For reasons of conformity with recently published contributions i

For reasons of conformity with recently published contributions in the field of peptaibiotics, dual nomenclature is retained in this chemically focussed article.   2 The trichorzianin-producing strain ATCC 36042 (= CBS 391.92) has originally been identified as T. harzianum (el Hajji et al. 1987) but later shown to belong to T. atroviride (Kuhls et al. 1996).   3 Neither a specimen, nor a culture of the hypelcin producer has been deposited. AZD1480 cell line However, misidentification of H.

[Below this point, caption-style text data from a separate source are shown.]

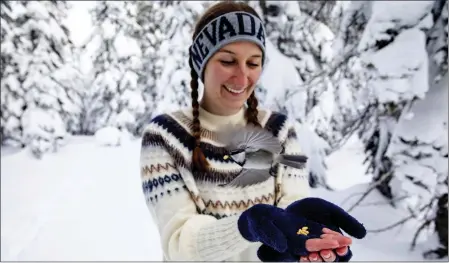  ?? JENNIFER KENT — UNIVERSITY OF NEVADA, RENO VIA AP ?? University of Nevada, Reno student Michelle Werdann feeds a wild mountain chickadee pine nuts at Chickadee Ridge in Mount Rose Meadows, Nev., on Jan. 6.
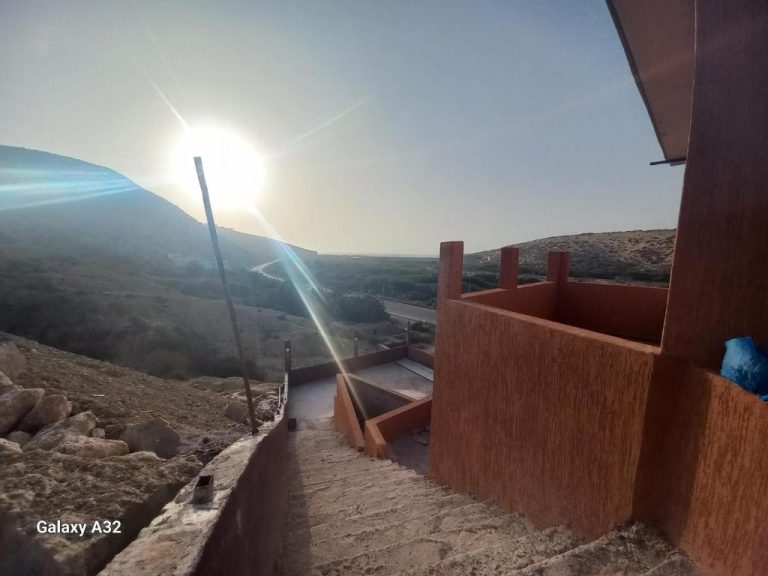 Terraza exterior con vistas panorámicas al paisaje desértico y montañas del BananaHouse al atardecer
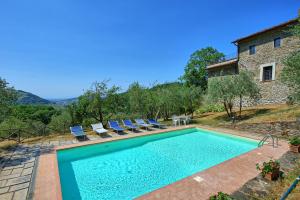 a swimming pool with chairs and a house at Villa Poggio Conca by PosarelliVillas in Incisa in Valdarno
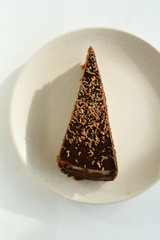 Chocolate cake on white plate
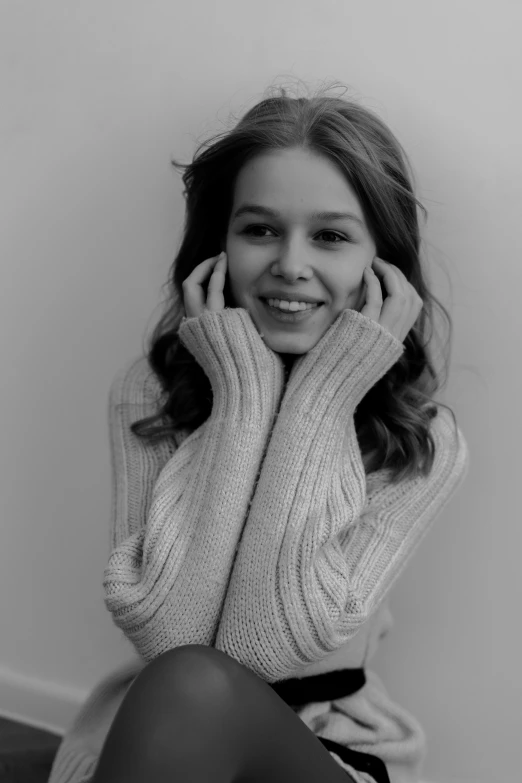 a girl posing with her hands behind her ears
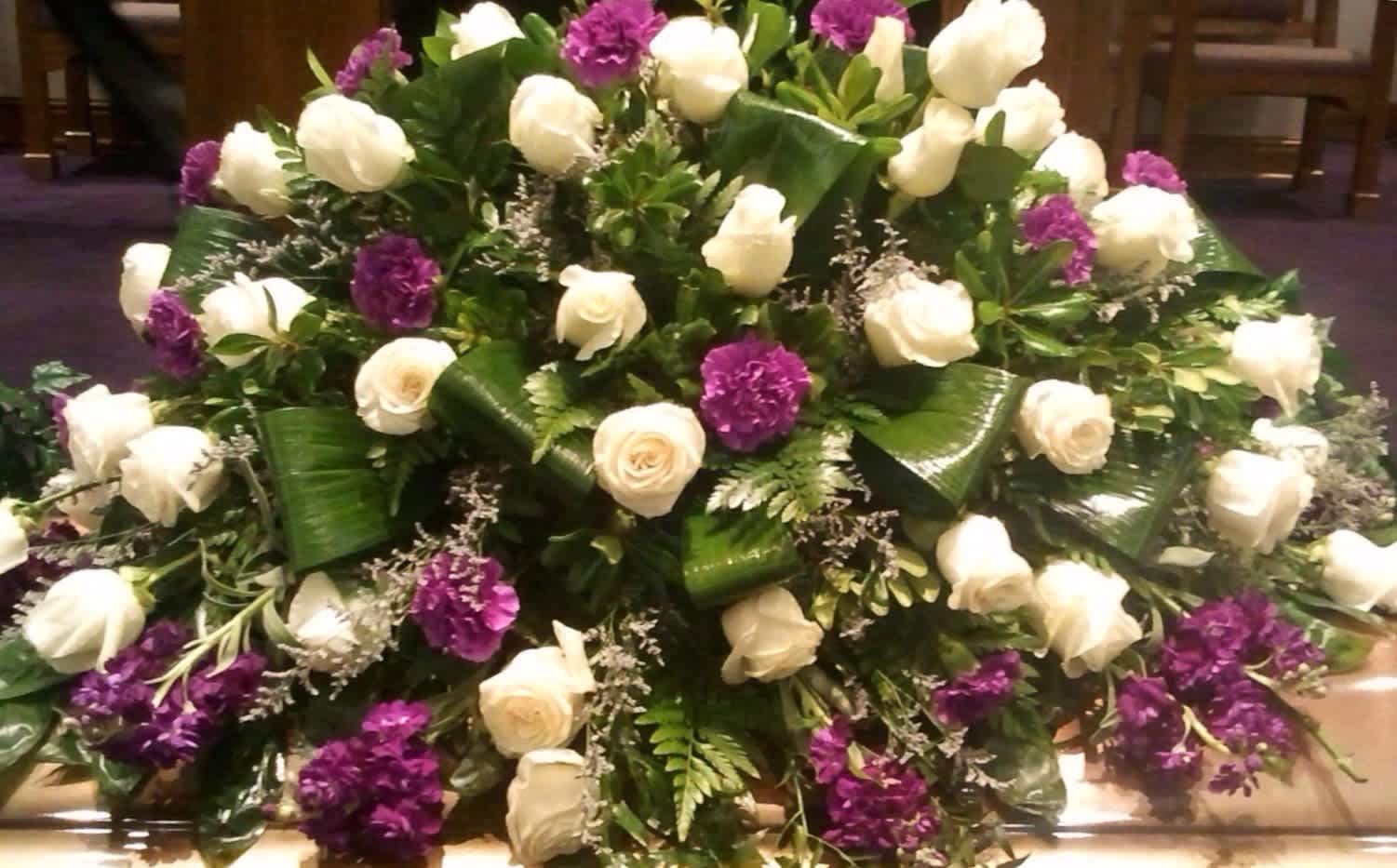 Casket Spread - Royaly Colors in a Double Saddle casket spread that is centered on your casket during the loss of a loved one.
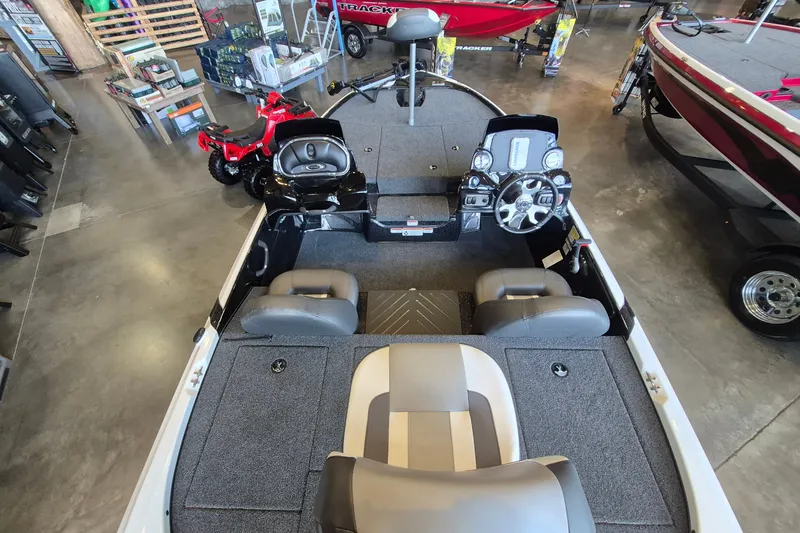 Slide: The Image of 2026 Nitro Z17 boat interior with steering wheel and seating, displayed in showroom. - 9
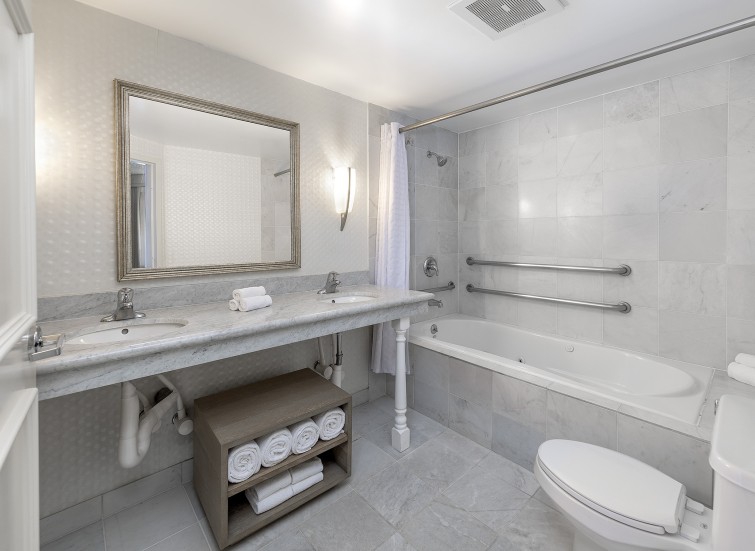 a bathroom with a sink toilet and bathtub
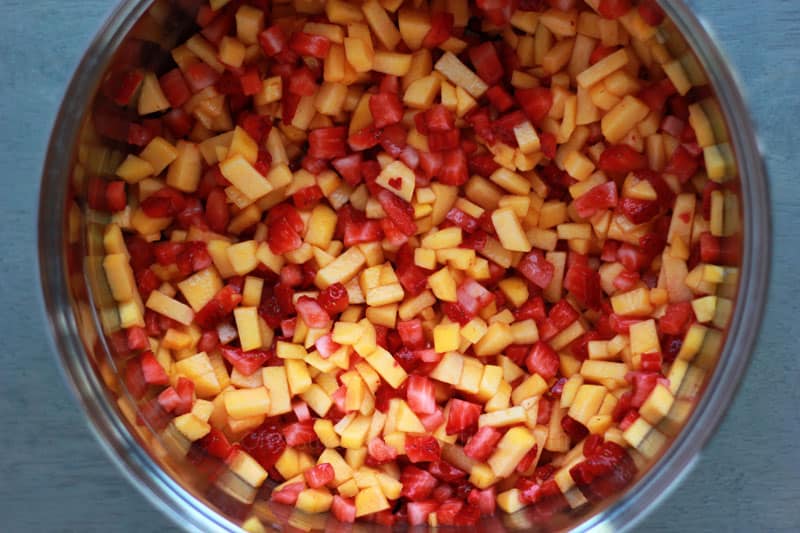 top down image sharing a pot filled with diced strawberries and peaches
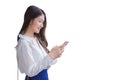 Professional beautiful confident young Asian businesswoman stands while uses her smartphone to send messages to office isolated on Royalty Free Stock Photo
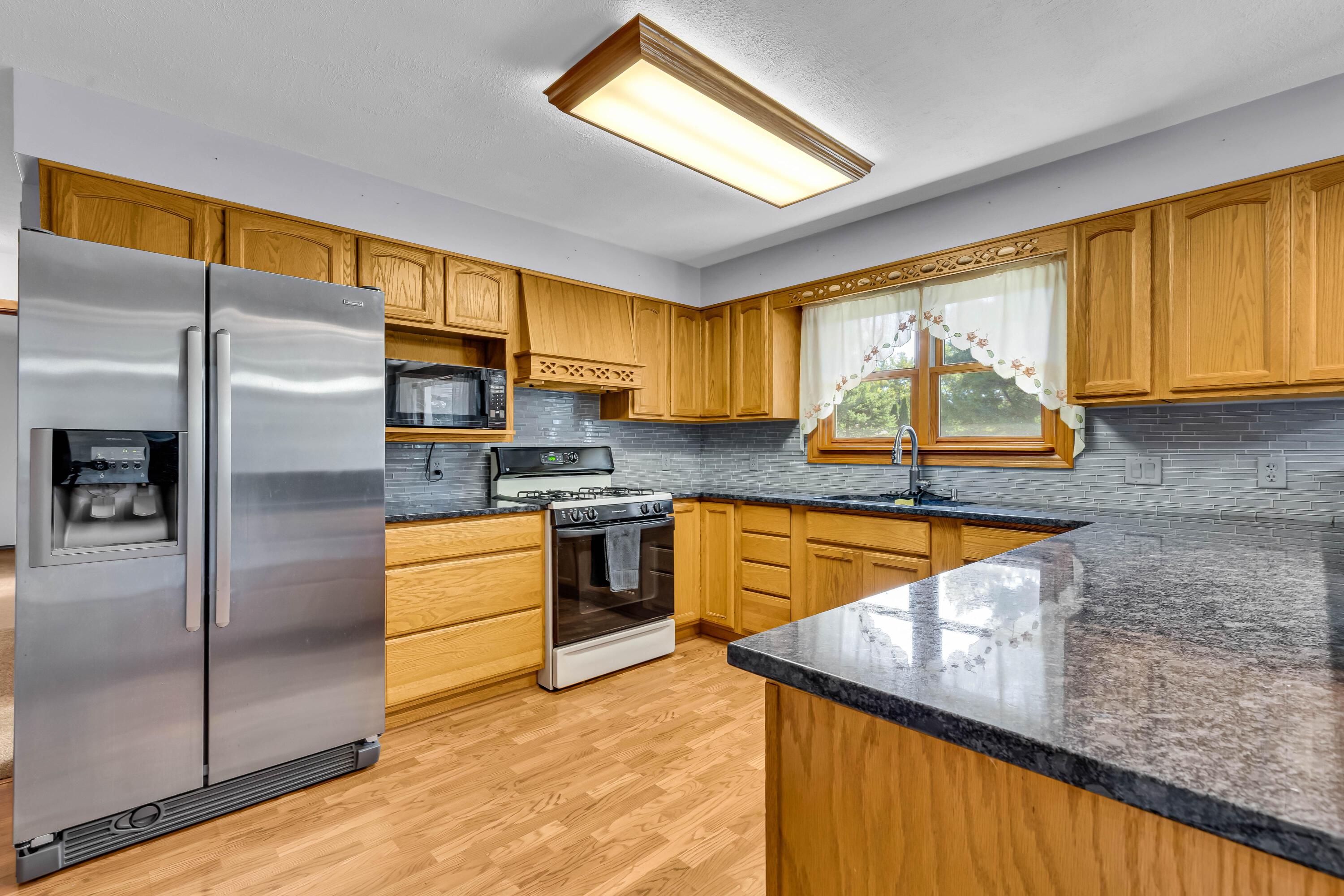 1213 East Cooke Road Columbus, OH 43224 - Photo 20 of 57 • Laminate flooring • Tan painted walls • Oak cabinets • New granite countertops ~ 2020 • Breakfast bar ledge • Track lighting • Kenmore® refrigerator • Tappan® microwave • General Electric® gas stove • New General Electric dishwasher ~ 2020 • Insinkerator® disposal • Glass tile backsplash • Single bowl, stainless steel sink with soap dispenser • Ceiling light • Pantry closet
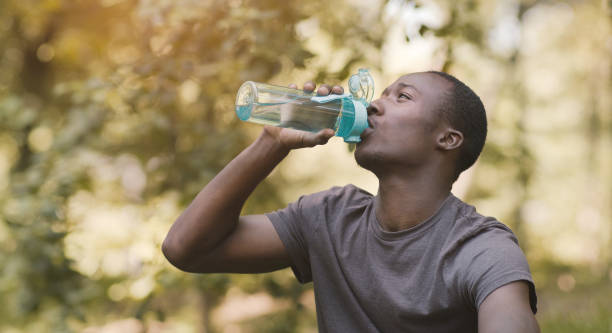 istock Young black man drinking water from sport bottle at park 1264226753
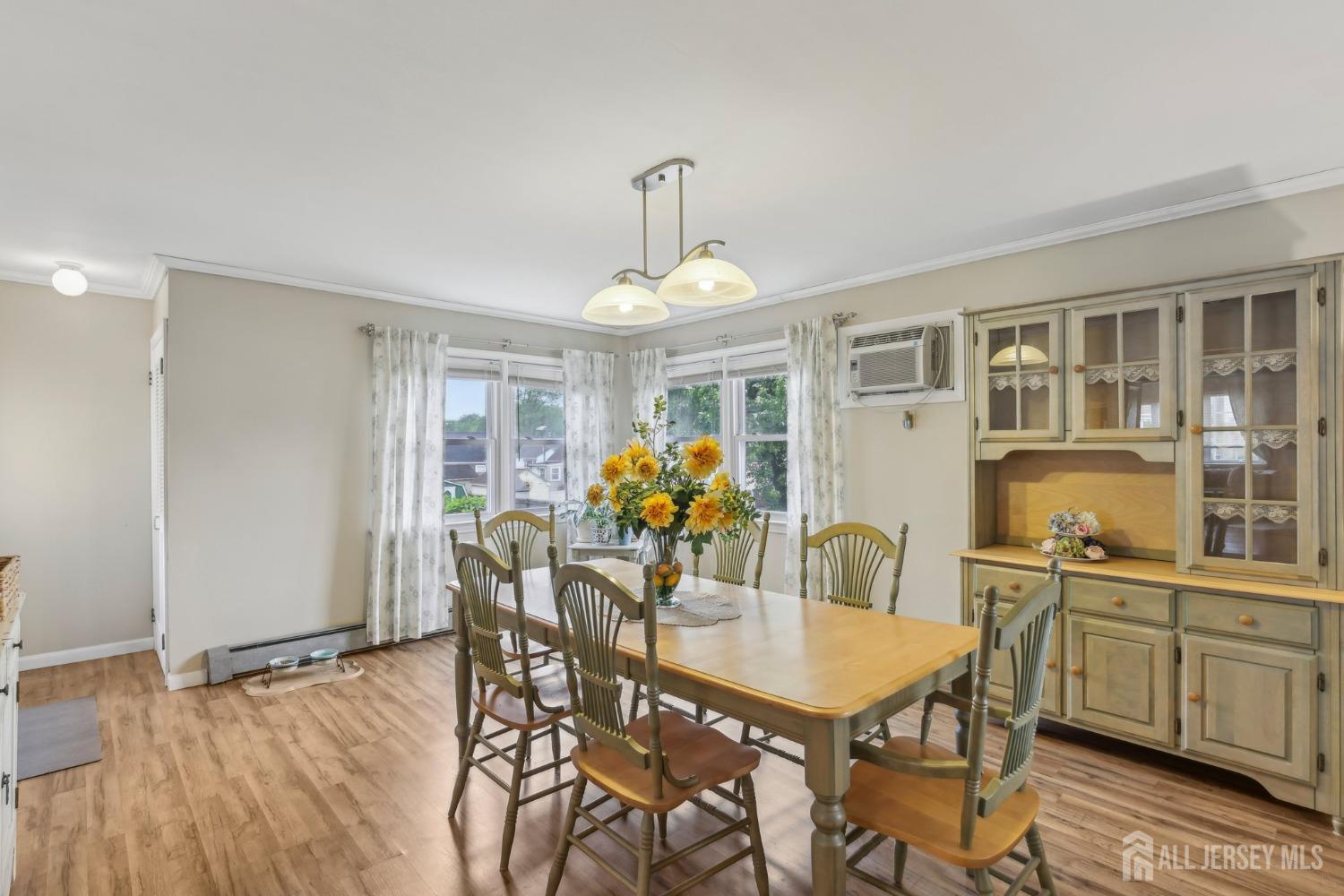 153 East Hill Road Colonia, NJ 07067 - Photo 7 of 40 a dining room with furniture a chandelier and wooden floor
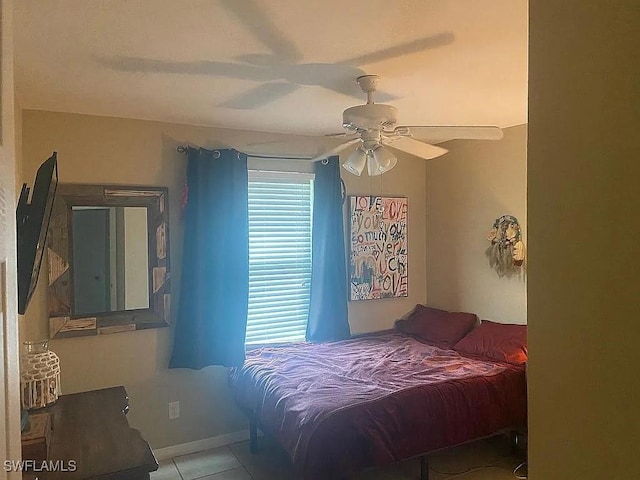 bedroom with a ceiling fan and tile patterned flooring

peltata is impossible due to its cushion-like big stromata and distinctive bicellular ascospores (Samuels and Ismaiel 2011).   4 Defined as the dynamic entirety of peptaibiotics formed by a producing fungus under defined culture conditions (Krause et al. 2006a).   5 The trichotoxin A-producing strain NRRL 5242 (now A-18169 in the ARS culture collection = CBS 361.97 = ATCC 38501) has originally been identified as T. viride but was subsequently reidentified as T. asperellum (Lieckfeldt et al. 1999; Samuels et al. 1999). The trichotoxin B (= trichovirin) producer, strain NRRL 5243 (= ATCC 90200), is not in the ARS catalogue but available as A-18207.   6 Hypomurocins have been isolated from strain IFO 31288 (Becker et al. 1997), originally misidentified as Hypocrea muroiana. The producer belongs, in fact, to T. atroviride (Samuels et al. 2006).   7 The neoatroviridin

producer T. atroviride F80317 (Oh et al. 2005) has neither been deposited with an IDA, nor has its identity been verified phylogenetically. MK5108 supplier   8 Nielsen KF, Samuels GJ (2013) unpublished results.   9 Trichokonin VI is identical to gliodeliquescin A that has been isolated from Gliocladium deliquescens NRRL 1086 (Brückner

et al. 1988) and not from NRRL 3091 (Brückner and Przybylski 1984). According to phylogenetic data, G. deliquescens NRRL 1086 (= CBS 228.48 = ATCC 10097) was re-identified as G. viride, see (www.​straininfo.​net/​strains/​260309).”
“The known selleck chemical biodiversity of black yeasts and their allies has exploded over the last clonidine decades. This even applies to medically significant genera such as Exophiala and Cladophialophora, where the number of accepted species has grown since the 1990s of the previous century from 9 to 44 and from 5 to 34, respectively. A first source of change no doubt is dissection of many supposed ubiquitous generalists into series of narrowly circumscribed molecular siblings, which often appear to be specialists with ecological preferences differing significantly between species. An early example of subdivision of classical species in black yeasts, using DNA homology techniques, concerned Exophiala jeanselmei. One of its siblings today is known to be a biofilm former in drinking water networks, while E. jeanselmei sensu stricto is thus far only known from subcutaneous infections in humans. Multilocus sequencing-aided discovery of molecular siblings has now become standard in mycology.